[BUG] Wrong result for `miopenOpTensor()` #79

ghostplant · 2019-02-01T09:29:24Z

Source code attached below:

#include <hip/hip_runtime.h>
#include <hipblas.h>
#include <miopen/miopen.h>
#include <assert.h>
#include <vector>

using std::vector;

int main() {
  const int len = 9;

  hipSetDevice(0);
  miopenHandle_t miopen_handle;
  miopenCreate(&miopen_handle);

  miopenTensorDescriptor_t tensor;
  miopenCreateTensorDescriptor(&tensor);
  miopenSet4dTensorDescriptor(tensor, miopenFloat, len, 1, 1, 1);

  float *in, *out;
  hipMalloc((void**)&in, sizeof(float) * len);
  hipMalloc((void**)&out, sizeof(float) * len);

  float host_in[len] = { 1.0f, 2.0f, 3.0f, 4.0f, 5.0f, 6.0f, 7.0f, 8.0f, 9.0f}, host_out[len] = {};
  hipMemcpyHtoD(in, host_in, sizeof(float) * len);

  float alpha = 1.0f, beta = 0.0f;
  miopenOpTensor(miopen_handle, miopenTensorOpAdd, &alpha, tensor, in, &alpha, tensor, in, &beta, tensor, out);
  hipMemcpyDtoH(host_out, out, sizeof(float) * len);
  hipStreamSynchronize(0);

  // output: 2 nan nan 8 nan nan 14 nan nan
  // expect: 2 4 6 8 10 12 14 16 18
  for (int i = 0; i < len; ++i)
    printf("%g ", host_out[i]);
  puts("");
  return 0;
}

It outputs partial NaN results on gfx803 which is not expected, and this bug is reproducible every time.

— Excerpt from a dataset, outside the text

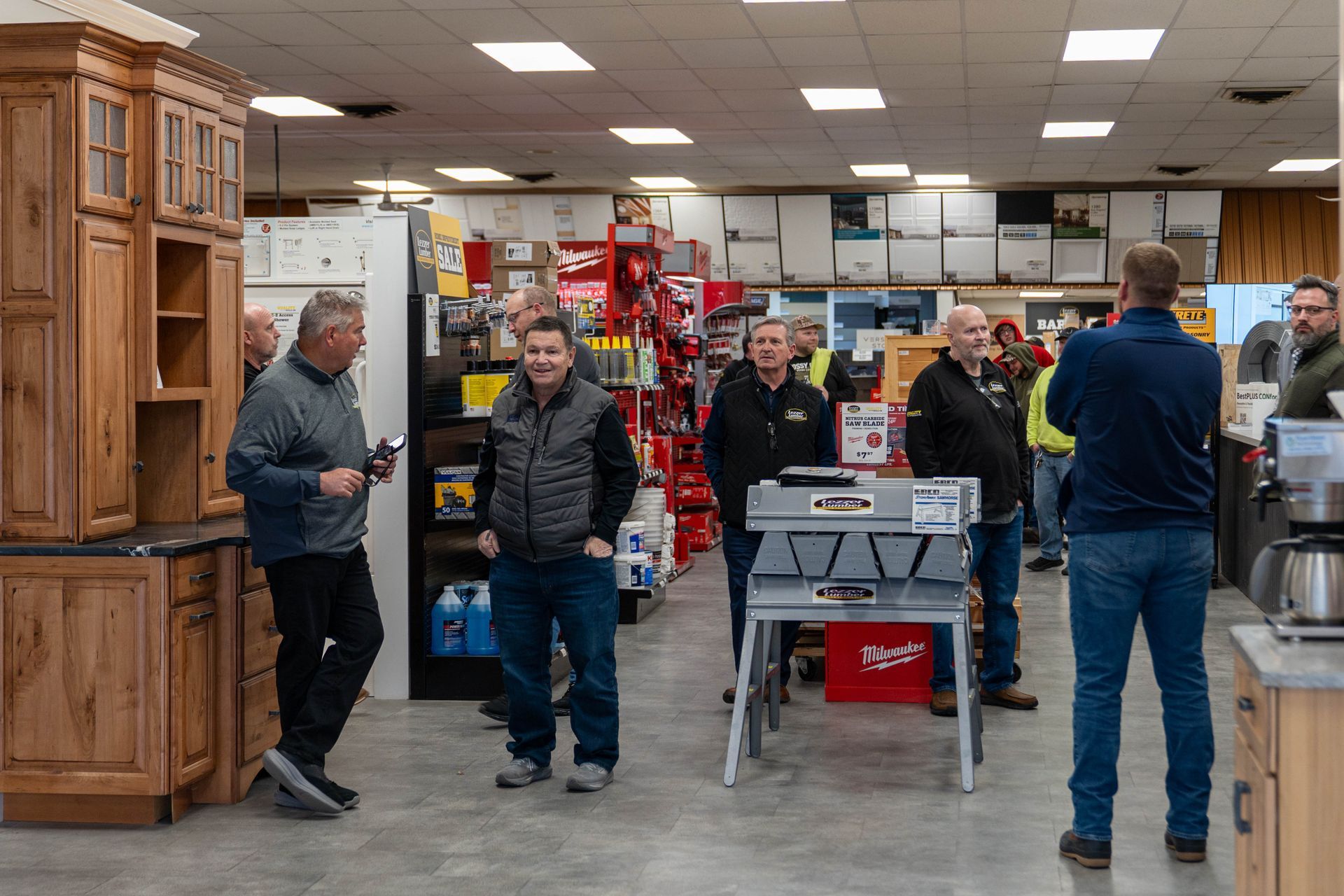 People browsing inside a hardware store, with shelves of tools and a wooden cabinet on the left.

ghostplant · 2019-02-01T09:31:01Z

If using len = 8 instead of len = 9, the result would be correct.

ghostplant · 2019-02-01T13:18:03Z

The root cause seems to be a wrong execute of float3 data copy, the following patch fixes this bug:

NOTE: A typical *((float3*)y) = *((float3*)x) just copy the first float element and skip the second and third elements.

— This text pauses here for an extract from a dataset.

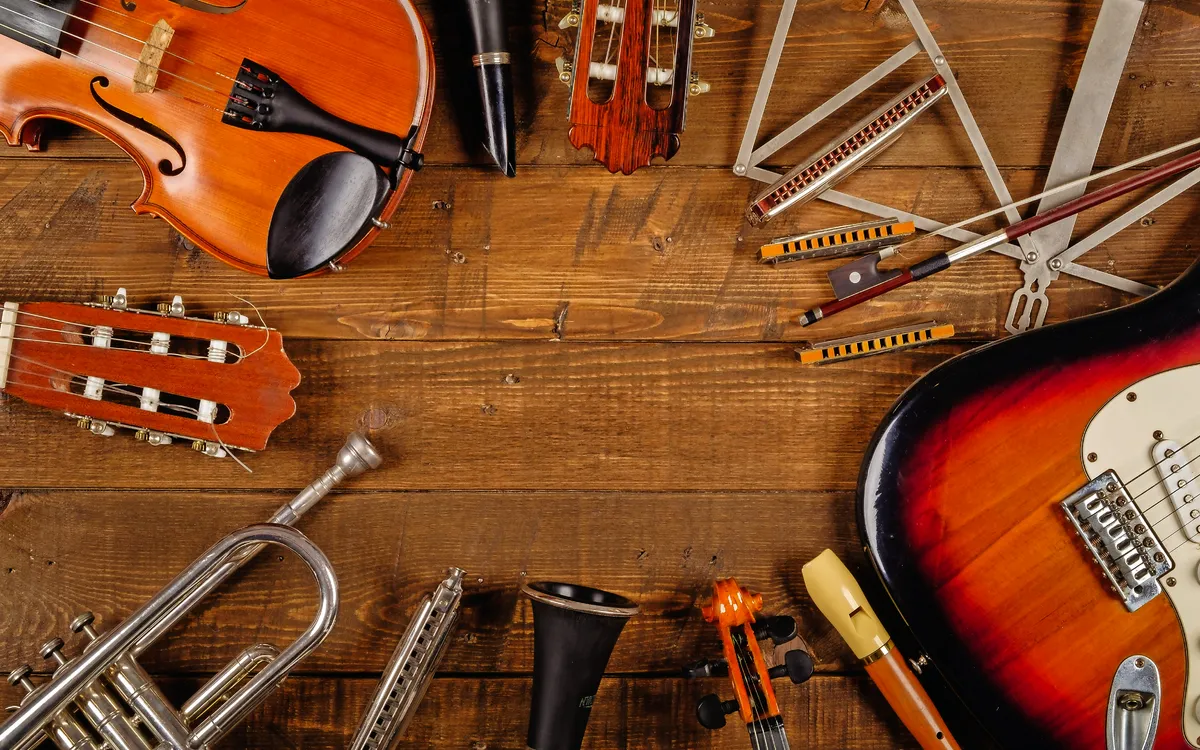 Viele Musikinstrumente auf Holzhintergrund arrangiert.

@@ -909,15 +910,24 @@ __kernel void Op4dTensorLite(const global MIOPEN_TYPE* a,
                              const long Coffset)
 {
     int gid0 = get_global_id(0);
-
     int index = gid0 * RD_BLCK;

     MIOPEN_TYPE a_dat[RD_BLCK];
     MIOPEN_TYPE b_dat[RD_BLCK];
     MIOPEN_TYPE c_dat[RD_BLCK];

+#if RD_BLCK == 3
+    a_dat[0] = (a + index + Aoffset)[0];
+    a_dat[1] = (a + index + Aoffset)[1];
+    a_dat[2] = (a + index + Aoffset)[2];
+    b_dat[0] = (b + index + Boffset)[0];
+    b_dat[1] = (b + index + Boffset)[1];
+    b_dat[2] = (b + index + Boffset)[2];
+#else
     *((READ_TYPE*)a_dat) = *((const global READ_TYPE*)(a + index + Aoffset));
     *((READ_TYPE*)b_dat) = *((const global READ_TYPE*)(b + index + Boffset));
+#endif
+
 #ifdef BETA
+ // Also need correct copy if RD_BLCK == 3
     *((READ_TYPE*)c_dat) = *((const global READ_TYPE*)(c + index + Coffset));
 #endif

mythreyi22 · 2019-03-28T06:17:15Z

The root cause seems to be a wrong execute of float3 data copy, the following patch fixes this bug:

NOTE: A typical *((float3*)y) = *((float3*)x) just copy the first float element and skip the second and third elements.

@@ -909,15 +910,24 @@ __kernel void Op4dTensorLite(const global MIOPEN_TYPE* a,
                              const long Coffset)
 {
     int gid0 = get_global_id(0);
-
     int index = gid0 * RD_BLCK;

     MIOPEN_TYPE a_dat[RD_BLCK];
     MIOPEN_TYPE b_dat[RD_BLCK];
     MIOPEN_TYPE c_dat[RD_BLCK];

+#if RD_BLCK == 3
+    a_dat[0] = (a + index + Aoffset)[0];
+    a_dat[1] = (a + index + Aoffset)[1];
+    a_dat[2] = (a + index + Aoffset)[2];
+    b_dat[0] = (b + index + Boffset)[0];
+    b_dat[1] = (b + index + Boffset)[1];
+    b_dat[2] = (b + index + Boffset)[2];
+#else
     *((READ_TYPE*)a_dat) = *((const global READ_TYPE*)(a + index + Aoffset));
     *((READ_TYPE*)b_dat) = *((const global READ_TYPE*)(b + index + Boffset));
+#endif
+
 #ifdef BETA
+ // Also need correct copy if RD_BLCK == 3
     *((READ_TYPE*)c_dat) = *((const global READ_TYPE*)(c + index + Coffset));
 #endif

This does not solve the issue. Facing the same issue after using this patch. Is it complete?

-Mythreyi

ghostplant · 2019-03-28T06:56:17Z

@mythreyi22 No, it is not complete cause every data cast to float3 (defined by READ_TYPE) should be expanded into 3 lines of float1 data copy.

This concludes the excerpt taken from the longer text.